A Jordanian boy wears a headband with Arabic writing that reads “there is no God but Allah, and Mohammed is his Prophet,” during a rally by Jordanian and Syrian followers of the banned Islamic-oriented Hizb Al-Tahrir Liberation Party in Amman, Jordan.
As he watches neighboring Syria “implode,” the king of Jordan worries that the country will fracture and become a hotbed of religious extremism.
King Abdullah tells CNN’s Fareed Zakaria that al-Qaida has been established in Syria for “about a year.” He also said his country has “got to really think” about the virtue of sending troops to Afghanistan when, “I think the new Taliban that we’re going to have to deal with is actually going to be in Syria.”

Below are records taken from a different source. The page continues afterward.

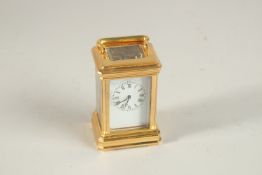 A GOOD MINI BRASS CARRIAGE CLOCK. 8cms high.
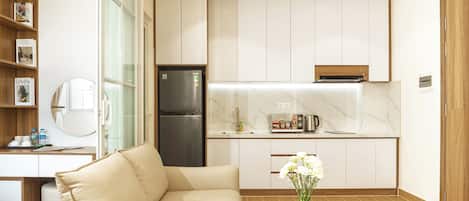 A modern kitchen with white cabinets, a built-in oven, and a stainless steel refrigerator.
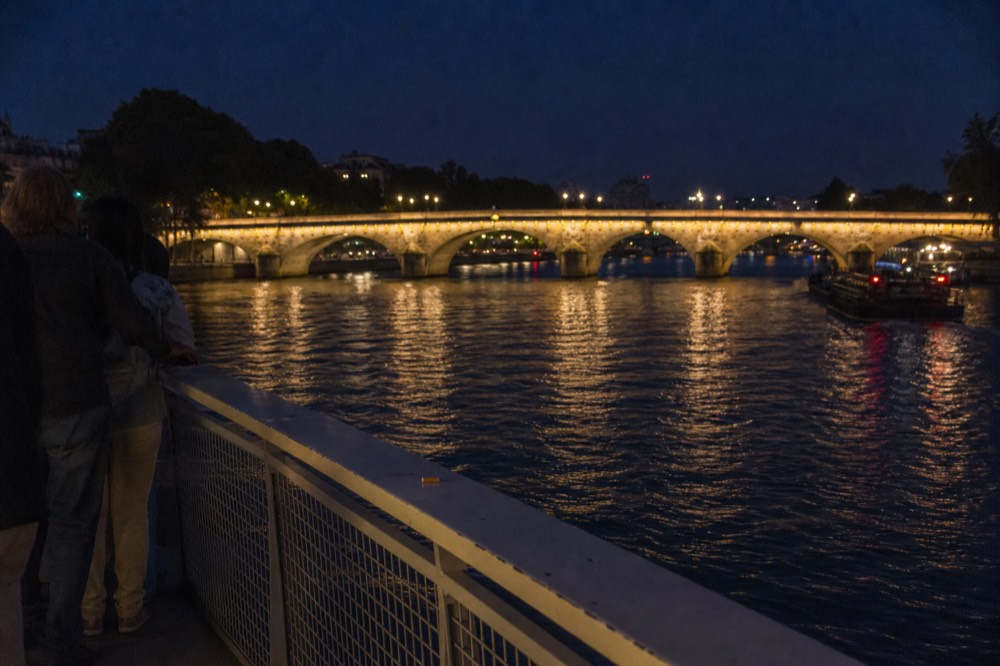 Illuminated Parisian bridges reflecting in the Seine at night from a boat deck, no text, no logos, no people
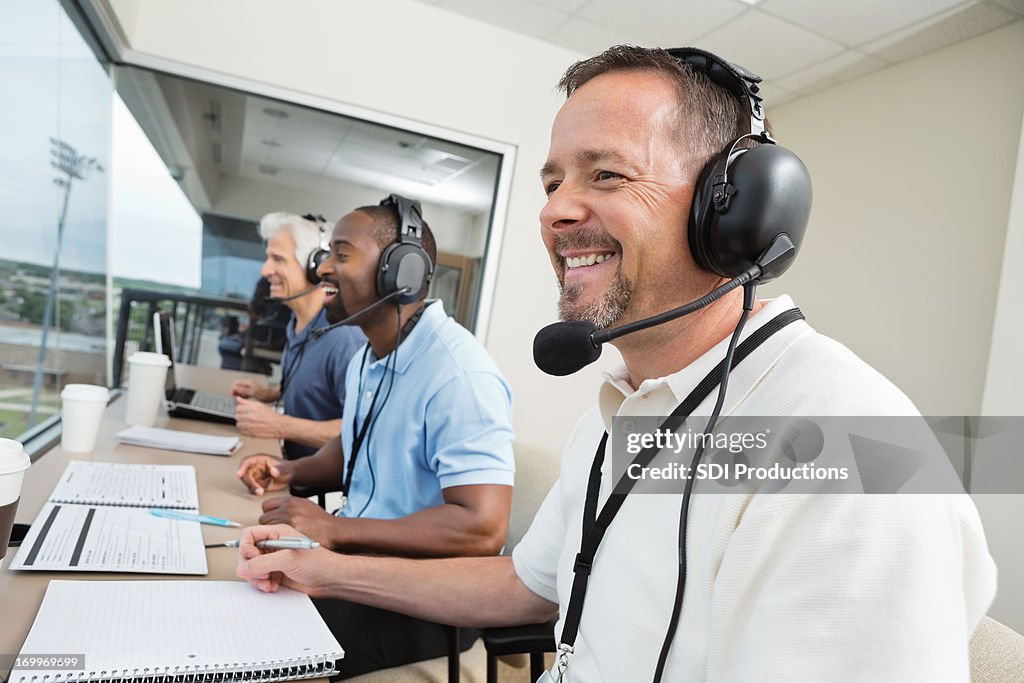 Sports commentators wearing headsets; reporting from stadium press box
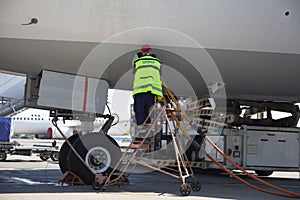 Refueling the plane at the airport. Male worker on the stairs. Close-up, place for text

King Abdullah of Jordan speaking to CNN:
Well, al Qaeda is established in Syria. They’ve been there for about a year. They are getting certain supplies of materiel, weapons and financing, unfortunately, from certain sectors. So they are a force to contend with. And even if we get the best government into Damascus tomorrow, we have at least two or three years of securing our borders from them coming across, and to clean them up. So, you know, Jordan is today and has been committed since three weeks into the Afghan campaign. We’ve been there for many, many years. But today, when we look at Jordanian troops deploying to Afghanistan, we’ve got to really think, because I think the new Taliban that we’re going to have to deal with is actually going to be in Syria.